Singapore’s Straits hopes to boost its Australian portfolio to $1bn. Picture: Supplied by Commercial & General

Singapore’s Straits Real Estate is doubling down on its investment in Australia’s booming logistics market, with plans to boost its industrial property portfolio to more than $1bn.

Straits made its first foray into the Australian logistics sector in 2018 when it launched a specialist fund with joint venture partner Commercial & General.

After growing the Integrated Logistics Partners fund to close to $500m, Straits took over full ownership last week, acquiring a 20 per cent stake held by the Adelaide-based developer.

The eight properties in the fund are located in South Australia and Victoria, and are occupied by tenants including Coca-Cola, Raytheon, Siemens, Incitec Pivot and Visy Glass.

And now Straits plans to more than double its assets under management to more than $1bn through newly formed development company Terre Property Partners.

Straits has taken a major stake in the company which will be managed from Adelaide by former Commercial & General executives Mark Brammy and Mark Pettman.

Straits chief executive Desmond Tang said the company would deploy capital in key industrial markets across the country.

“The buyout signals the compelling growth we see in Australia’s industrial and logistics sector where longer-term macro trends such as continuing acceleration in e-commerce adoption, rationalisation of supply chains and population growth have supported strong demand for quality space and rental growth, not just in the traditional eastern seaboard markets, but also in other regional hubs,” he said.

Investor appetite and occupier demand for industrial assets has surged since the onset of Covid-19, fuelled by the rise in e-commerce activity, onshoring and a shift in global supply chains.

Commercial & General is bullish about the long-term prospects for the market, and will use the capital raised through the sale to Straits to seed a pipeline of development projects for defence and logistics users.

It has snapped up about 30ha of industrial land across in Adelaide in recent months, including in the northern industrial precincts of Edinburgh and Gepps Cross, and the Evans Clarke auction storage site on Torrens Rd in Woodville North.

Chief executive Trevor Cooke said a flight to quality was driving demand from occupiers seeking modern and hi-tech industrial facilities.
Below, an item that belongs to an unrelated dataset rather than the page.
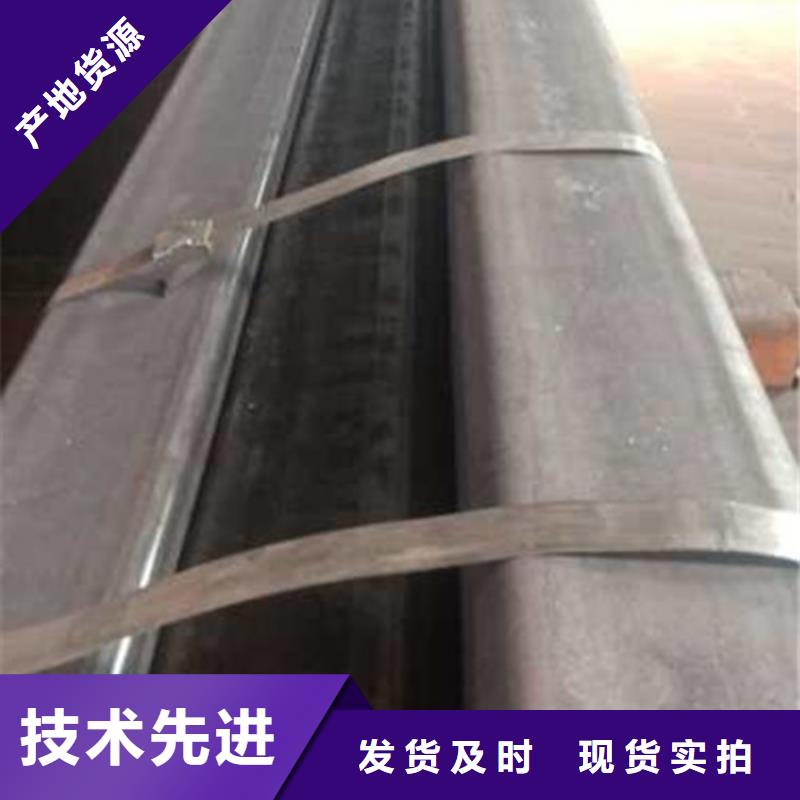 无缝方管生产厂家-欢迎新老客户来电咨询同城厂家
“We’ve got a really exciting pipeline in front of us … and we’ve probably got now the largest industrial land bank in the state,” he said.

“And to be frank we’re spoilt for choice because there’s just so much activity. It’s literally, without exaggeration, coming in daily, in terms of the level of inquiry that’s coming in.

“Organisations are much more focused on proximity to their employees and amenity than if you think about what industrial maybe used to look like as a sort of beaten down and dirty sort of asset class.

“Covid, if nothing else, accelerated certain trends that were on foot, including retailing trends which have substantially altered with things like last mile logistics and inner city logistics.

“And at the same time you’ve got increasing concerns around supply chain management, and onshoring is part of that trend.”